**Task prompt**.
Skip the pictures and retype exactly the lines from the one holding "2006 Topps Update" through the end of the entries.

[Data extract Boundary: Start]

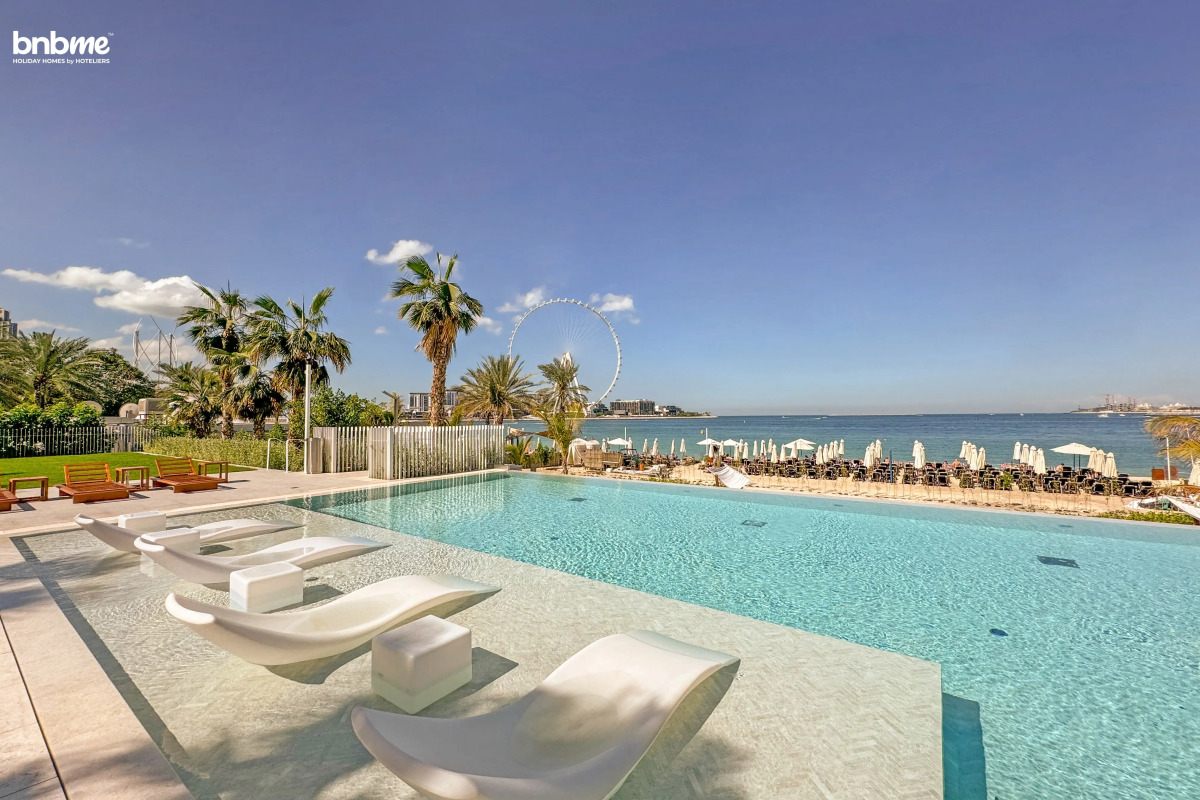 Апартаменты Bnbmehomes Marina Gem 5 min walk to Flying Cup - 2503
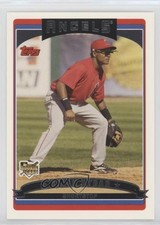 2006 Topps Update 1st Edition Erick Aybar #UH156 0b7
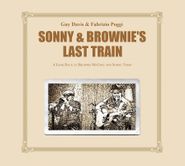 Guy Davis, Sonny & Brownie's Last Train (CD)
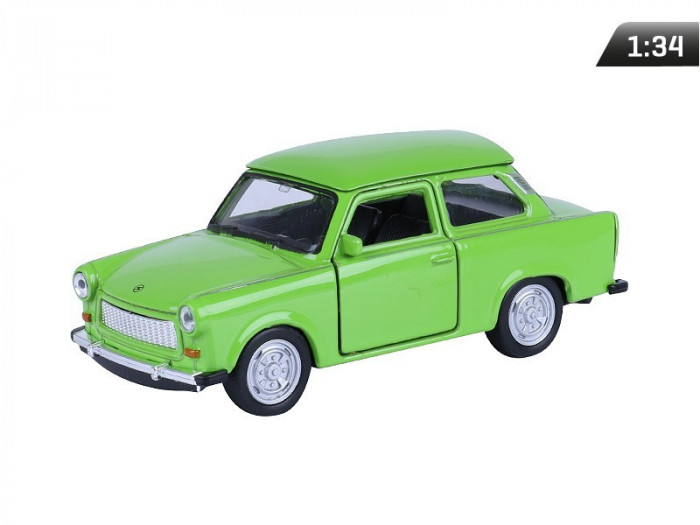 Model 1:34, Prl Trabant 601 Acvamarin A884T601S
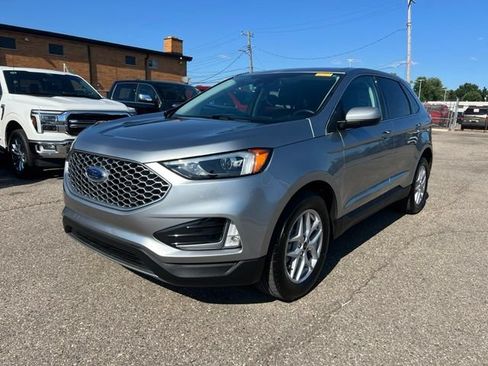 Certified 2024 Ford Edge SEL w/ Convenience Package AWD/4WD image 28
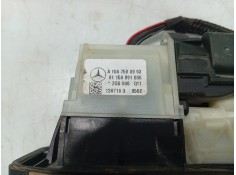 Recambio de maneta porton para mercedes-benz clase a (w176) a 200 cdi / d (176.008) referencia OEM IAM 1667500993   2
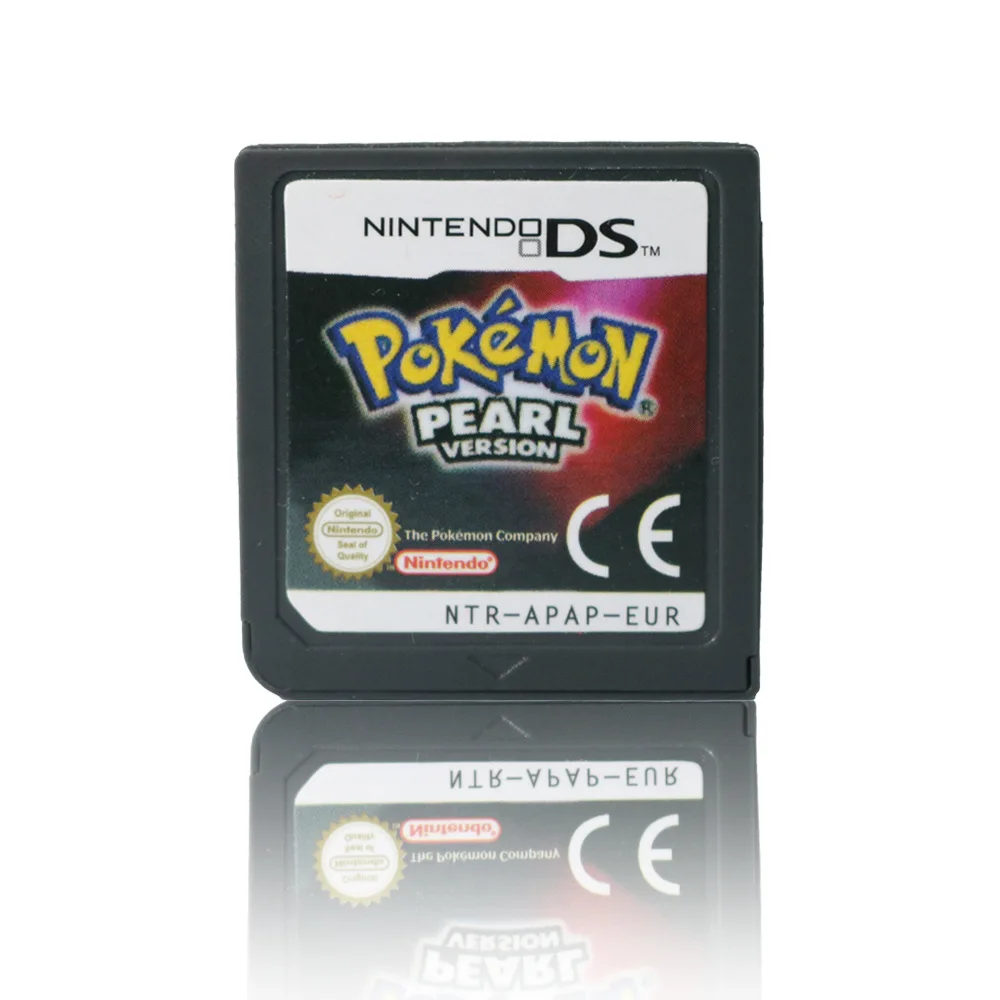 Edgeworth-Juego de cartas de juego de DS para NDS, DSI, DS, 3DS, DSI-2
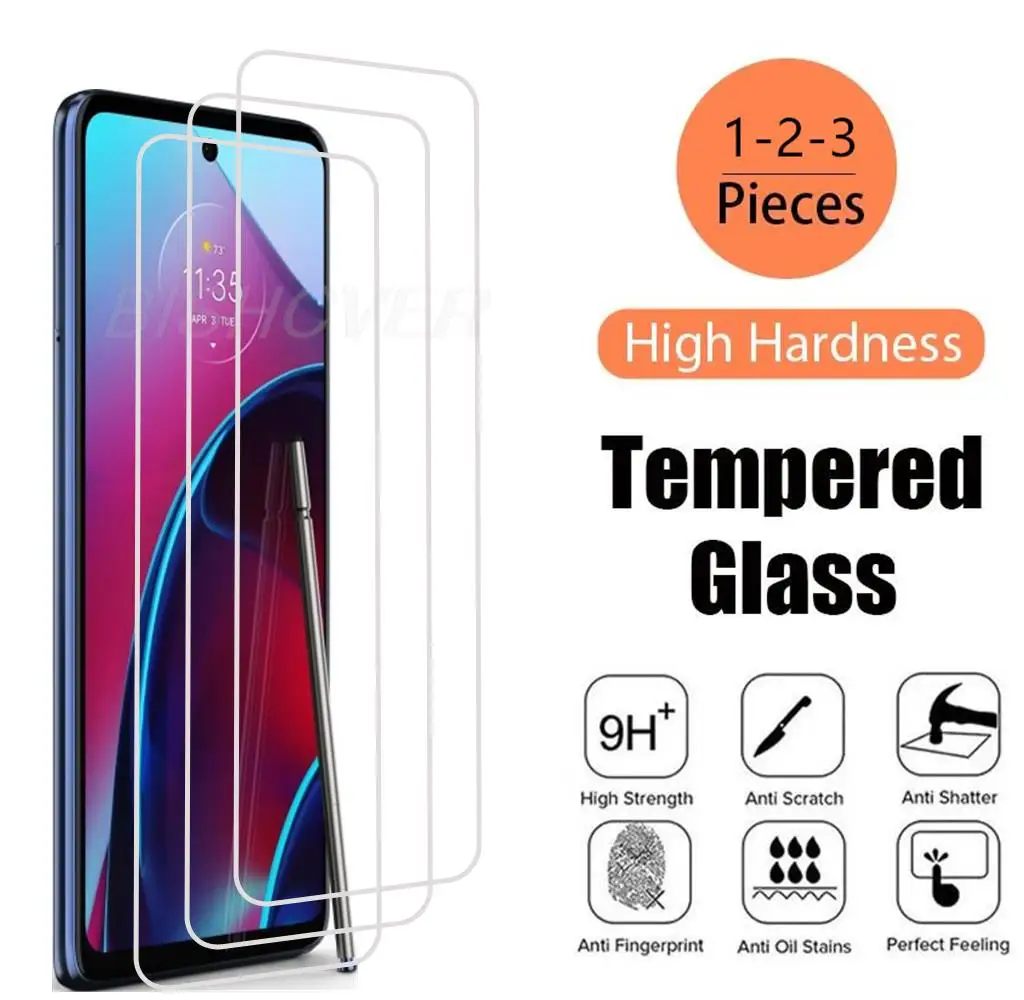 Per Motorola Moto G Stylus 2022 6.8 "Vetro Temperato Protettivo Per Moto G Stylus 2022 Pellicola Protettiva Per Smartphone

[Data extract Boundary: End]

**Solution below**.
 2006 Topps Update 1st Edition Erick Aybar #UH156 0b7
 Guy Davis, Sonny & Brownie's Last Train (CD)
 Model 1:34, Prl Trabant 601 Acvamarin A884T601S
 Certified 2024 Ford Edge SEL w/ Convenience Package AWD/4WD image 28
 Recambio de maneta porton para mercedes-benz clase a (w176) a 200 cdi / d (176.008) referencia OEM IAM 1667500993   2
 Edgeworth-Juego de cartas de juego de DS para NDS, DSI, DS, 3DS, DSI-2
 Per Motorola Moto G Stylus 2022 6.8 "Vetro Temperato Protettivo Per Moto G Stylus 2022 Pellicola Protettiva Per Smartphone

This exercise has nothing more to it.